▶ Information:
#####

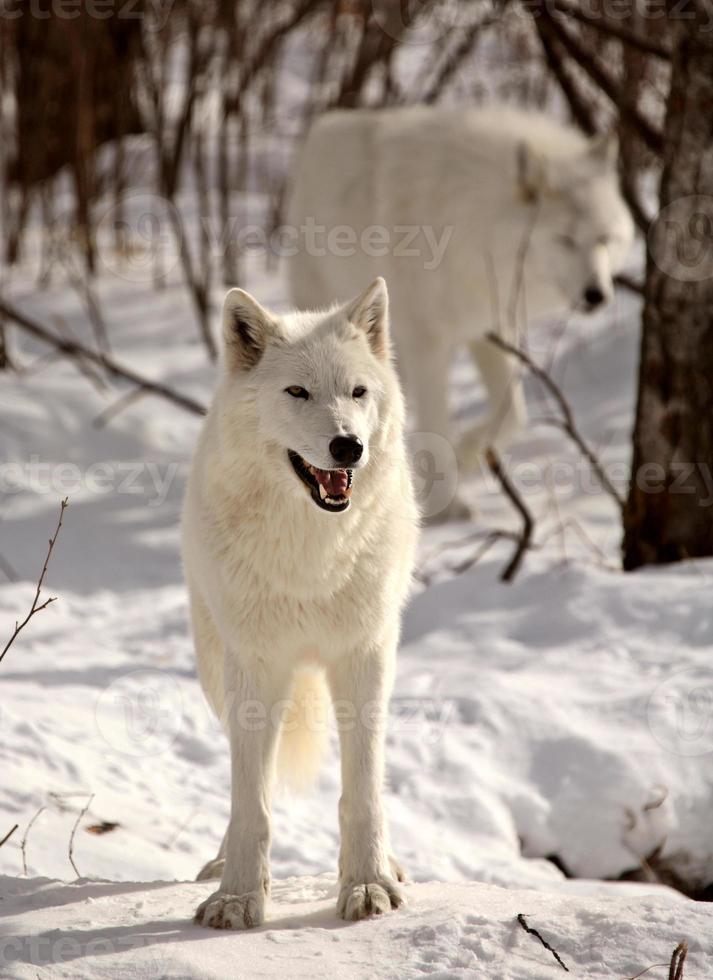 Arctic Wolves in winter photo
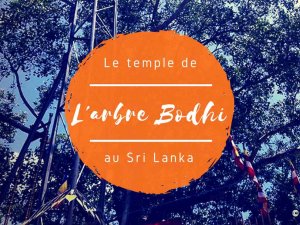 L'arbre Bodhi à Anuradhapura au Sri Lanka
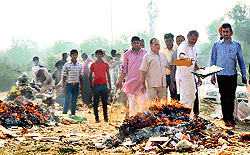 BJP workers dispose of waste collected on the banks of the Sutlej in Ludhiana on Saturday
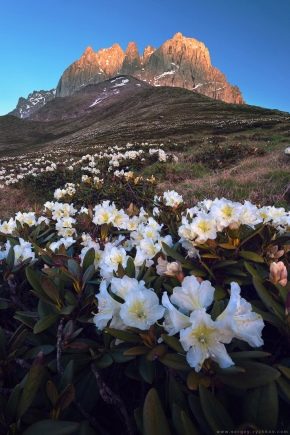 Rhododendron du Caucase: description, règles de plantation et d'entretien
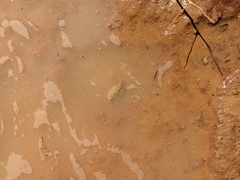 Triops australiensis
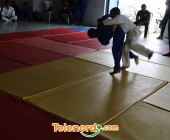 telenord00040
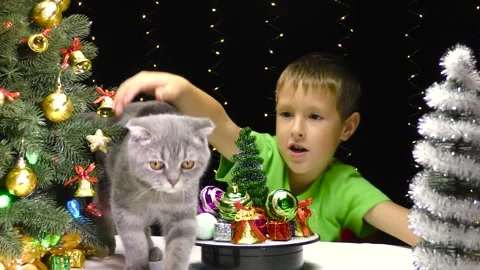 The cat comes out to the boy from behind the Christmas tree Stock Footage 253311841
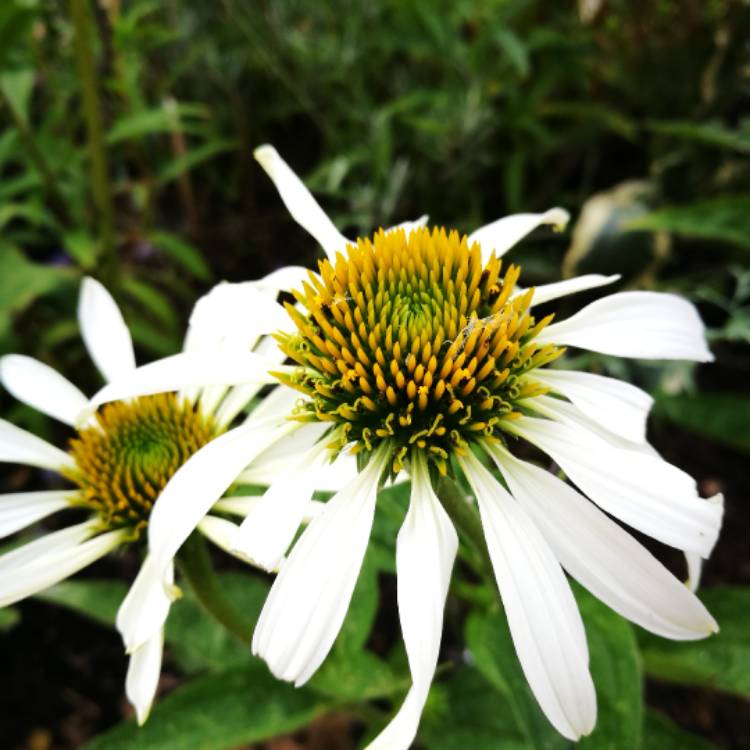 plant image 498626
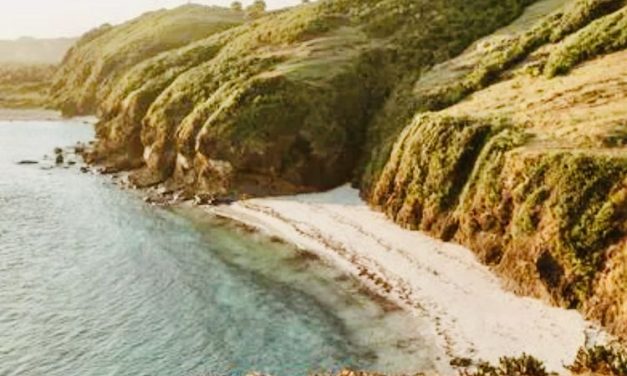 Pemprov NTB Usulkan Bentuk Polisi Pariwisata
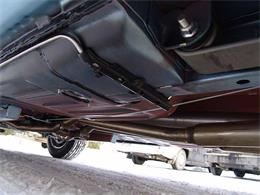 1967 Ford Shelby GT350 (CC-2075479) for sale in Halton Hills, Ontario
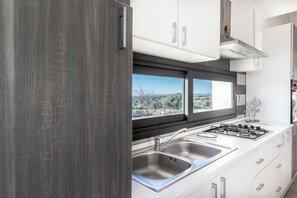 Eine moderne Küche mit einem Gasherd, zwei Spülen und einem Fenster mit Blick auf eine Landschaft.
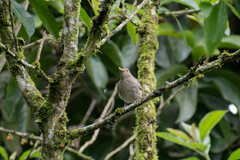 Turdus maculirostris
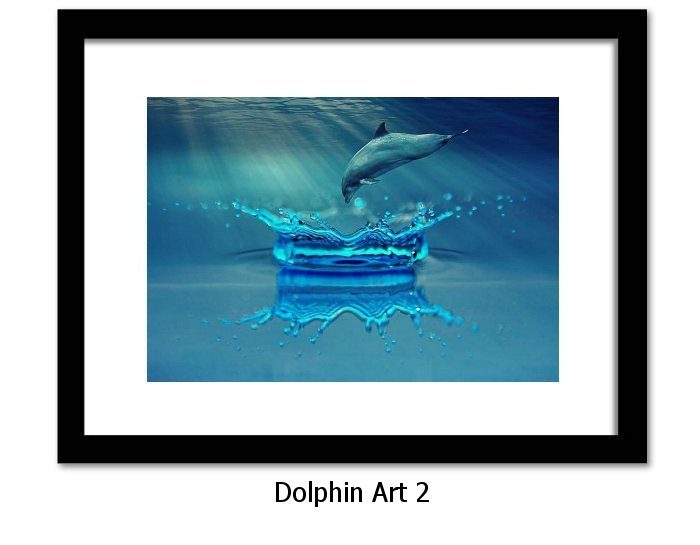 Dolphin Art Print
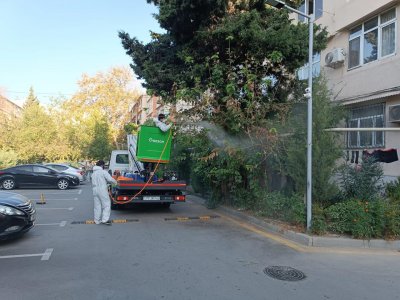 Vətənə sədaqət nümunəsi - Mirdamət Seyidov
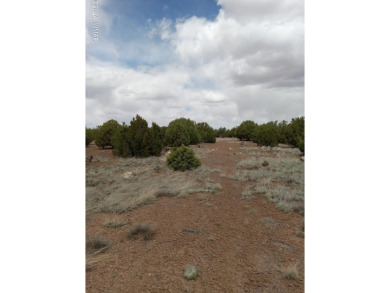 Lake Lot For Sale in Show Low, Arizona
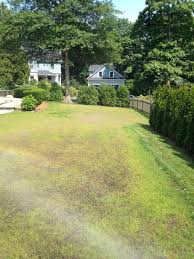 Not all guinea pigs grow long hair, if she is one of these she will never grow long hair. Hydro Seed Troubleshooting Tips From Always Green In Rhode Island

#####

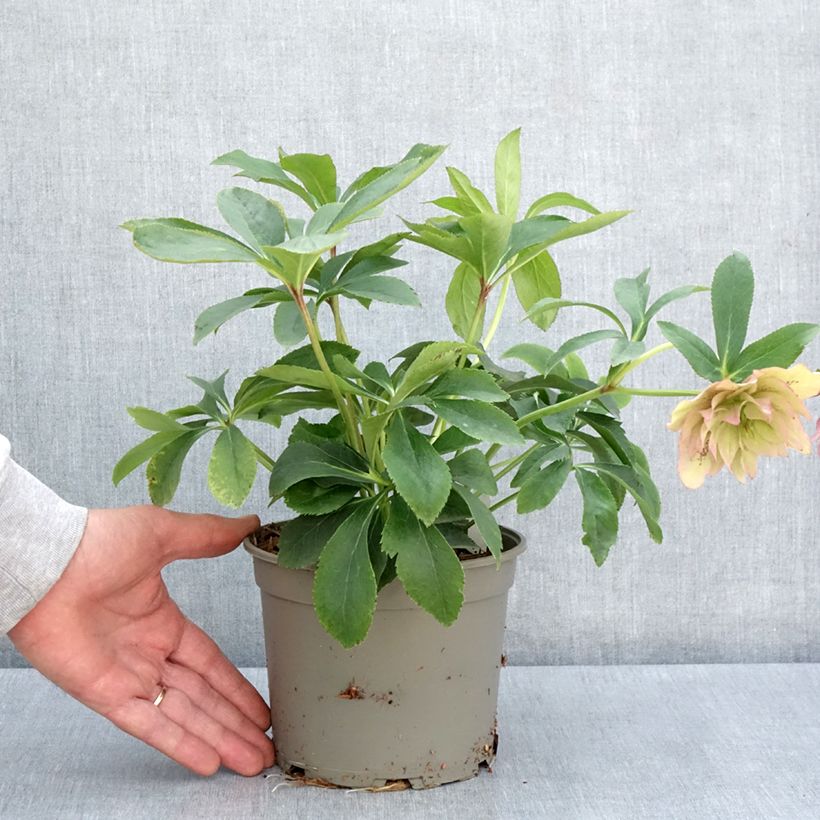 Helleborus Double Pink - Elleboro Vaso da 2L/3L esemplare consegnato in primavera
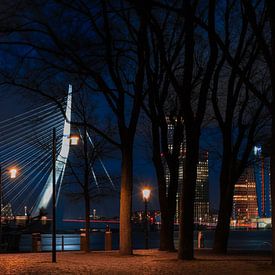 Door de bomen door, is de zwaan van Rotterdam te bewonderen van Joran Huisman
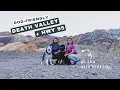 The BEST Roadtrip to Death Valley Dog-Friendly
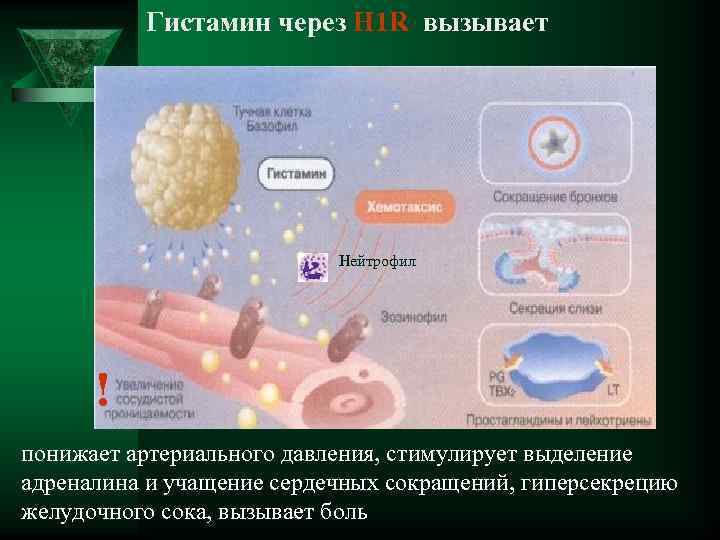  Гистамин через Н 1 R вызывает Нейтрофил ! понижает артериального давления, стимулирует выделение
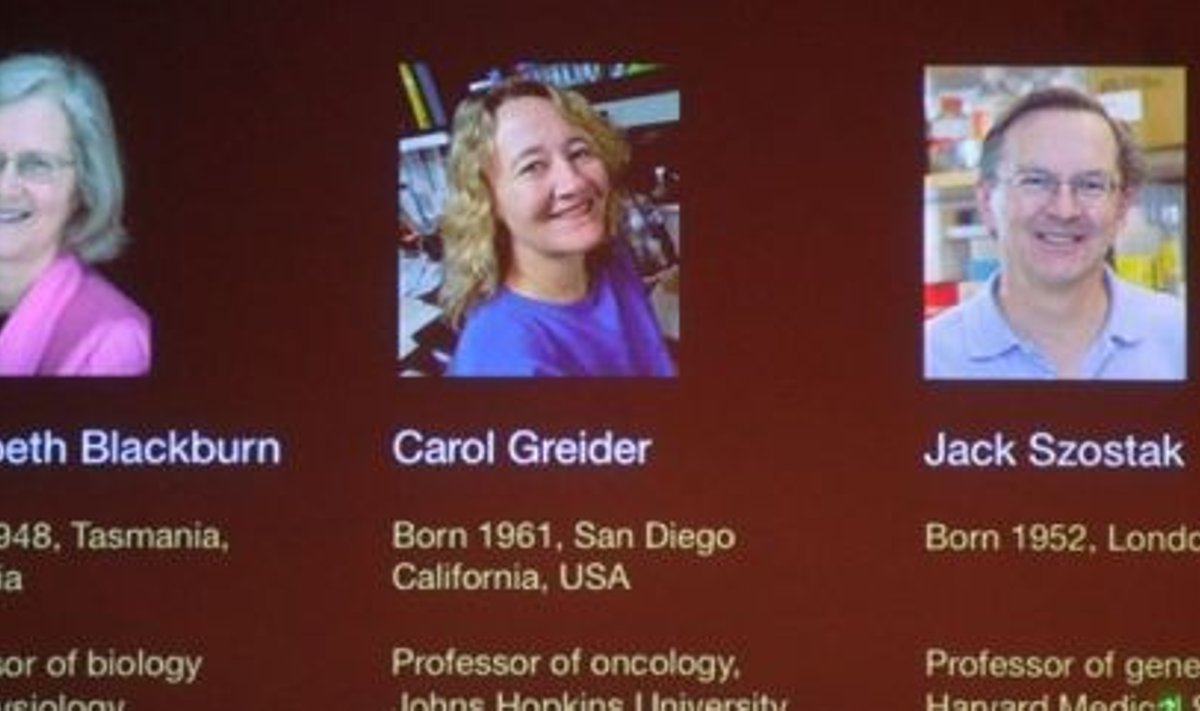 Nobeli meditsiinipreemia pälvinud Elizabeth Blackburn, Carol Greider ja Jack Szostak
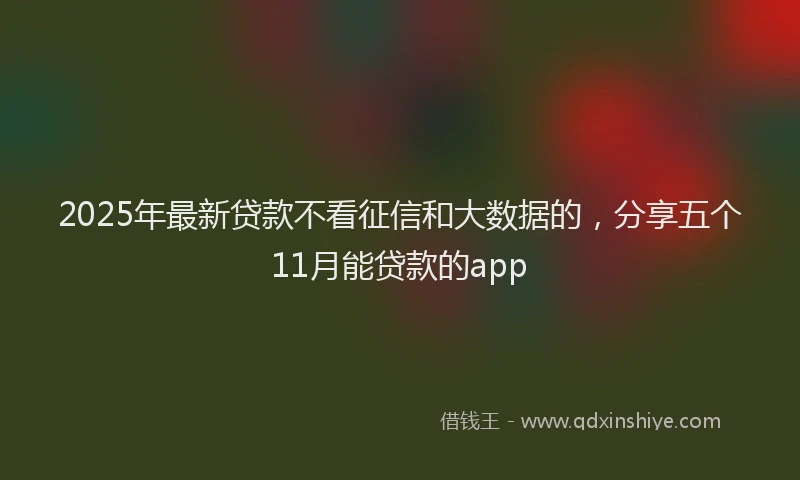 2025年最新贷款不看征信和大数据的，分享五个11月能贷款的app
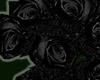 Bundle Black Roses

#####

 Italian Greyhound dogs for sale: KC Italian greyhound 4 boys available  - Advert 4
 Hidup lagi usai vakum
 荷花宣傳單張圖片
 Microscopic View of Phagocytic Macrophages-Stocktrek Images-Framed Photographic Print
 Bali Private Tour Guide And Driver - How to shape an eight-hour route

#####

▶ What to produce:
With the pictures removed, print only the lines starting at the line that has "Arctic Wolves in winter photo" and ending at the line that has "Not all guinea", both ends included, exactly as they stand above.

▶ Answer section:
 Arctic Wolves in winter photo
 L'arbre Bodhi à Anuradhapura au Sri Lanka
 BJP workers dispose of waste collected on the banks of the Sutlej in Ludhiana on Saturday
 Rhododendron du Caucase: description, règles de plantation et d'entretien
 Triops australiensis
 telenord00040
 The cat comes out to the boy from behind the Christmas tree Stock Footage 253311841
 plant image 498626
 Pemprov NTB Usulkan Bentuk Polisi Pariwisata
 1967 Ford Shelby GT350 (CC-2075479) for sale in Halton Hills, Ontario
 Eine moderne Küche mit einem Gasherd, zwei Spülen und einem Fenster mit Blick auf eine Landschaft.
 Turdus maculirostris
 Dolphin Art Print
 Vətənə sədaqət nümunəsi - Mirdamət Seyidov
 Lake Lot For Sale in Show Low, Arizona
 Not all guinea pigs grow long hair, if she is one of these she will never grow long hair. Hydro Seed Troubleshooting Tips From Always Green In Rhode Island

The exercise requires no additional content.